HART’s 10th anniversary summer camp auction takes place Friday at the Centre Street Church, 3900 2nd St. N.E., with doors open at 5 p.m. for the silent auction, and dinner beginning at 6 p.m.
The purpose of the auction is to help HART send 3,000 underprivileged children from Ukraine, Moldova and Belarus to summer camps.
“Attending a summer camp can be a life-changing experience for these children . . . truly an oasis from their otherwise difficult lives,” Cenaiko says. “Who goes to camp? Street kids, boys from prison, kids with special needs, kids from families living in poverty, children from Gypsy villages. It is a great cause and the best part (is that) 100 per cent of the funds raised are used to send kids to camps.”
The fundraising evening features silent and live auctions; Ukrainian dinner; a video-photo presentation; a guest speaker from Ukraine; live painting performance by Lewis Lavoie; and Ukrainian dancers.
Tickets are $30 each or $240 for a table of eight.
For more information and tickets, contact the HART office at 403-230-8263 or e-mail tickets@ hart.ca.
Ukraine “is one of the most corrupt countries in the world. Every facet of life there’s corruption. People steal,” Cenaiko says. “And the people we work with in those countries are so incredible as they’re trying to change their country. The whole objective of sending these thousands to kids to summer camps, if we’re going to change these countries, we have to change the hearts and the souls of the people.
“That’s where the faith element comes in,” he says. “We know that if we can raise a generation of kids that are growing up with morals and ethics and just biblically based faith, we’re going to be able to change that country someday.

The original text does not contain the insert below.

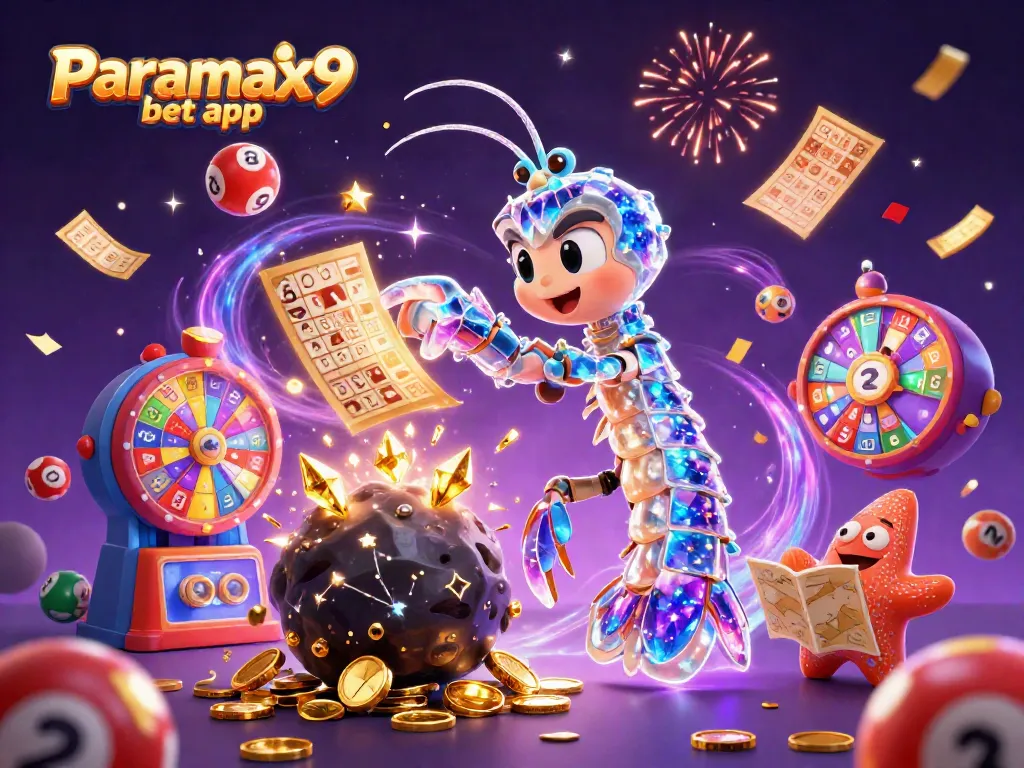 Engage in exciting gameplay with the Paramax9 bet app's thrilling visuals and vibrant gaming elements.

“Protestant churches are invited into the high school systems all over the country to talk to the teenage kids about drugs and alcohol and HIV and anti-human trafficking. And part of what we do is to facilitate those volunteers going into the high schools. Tens of thousands of high school kids are hearing about issues like this from a biblically based foundation,” Cenaiko says. “Our objective is just to impact the thousands of children and eventually somehow kind of change the hearts and minds of the people in that country.”